During the continuance of any default, at the option of the administrative agent or the required lenders (except in the case of insolvency or payment default, in which case it shall be automatic), the applicable interest rates on all obligations owing under the Credit and Security Agreement shall increase by 2% per annum over the rate otherwise applicable, or, if no rate is specified 2% per annum over the base rate plus the base rate margin as listed above under Interest Rates.
Item 2.03. | Creation of a Direct Financial Obligation or an Obligation under an Off-Balance Sheet Arrangement of a Registrant. |
The disclosures under Item 1.01 of this Current Report on Form 8-K relating to the Credit and Security Agreement are also responsive to Item 2.03 of this report and are incorporated by reference into this Item 2.03.

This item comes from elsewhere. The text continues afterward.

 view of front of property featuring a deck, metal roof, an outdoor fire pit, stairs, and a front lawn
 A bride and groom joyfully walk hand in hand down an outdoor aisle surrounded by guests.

Item 7.01. | Regulation FD Disclosure. |
A copy of the press release announcing the execution of the Credit and Security Agreement is furnished with this Current Report on Form 8-K as Exhibit 99.1. All information in the press release is furnished and shall not be deemed “filed” with the Securities and Exchange Commission for purposes of Section 18 of the Exchange Act, or otherwise be subject to the liability of that Section, and shall not be deemed to be incorporated by reference into any filing under the Securities Act or the Exchange Act, except to the extent the Company specifically incorporated it by reference.
Item 9.01. | Financial Statements and Exhibits. |
(d) Exhibits.
Exhibit Number | Description | |
10.1 | Credit and Security Agreement dated February 29, 2016, by and between Installed Building Products, Inc. and the lenders party thereto, and KeyBank National Association, as joint lead arranger, sole book runner, administrative agent, swing line lender and issuing lender. | |
99.1 | Press Release of Installed Building Products, Inc. dated March 1, 2016. |
SIGNATURES
Pursuant to the requirements of the Securities Exchange Act of 1934, the Registrant has duly caused this report to be signed on its behalf by the undersigned hereunto duly authorized.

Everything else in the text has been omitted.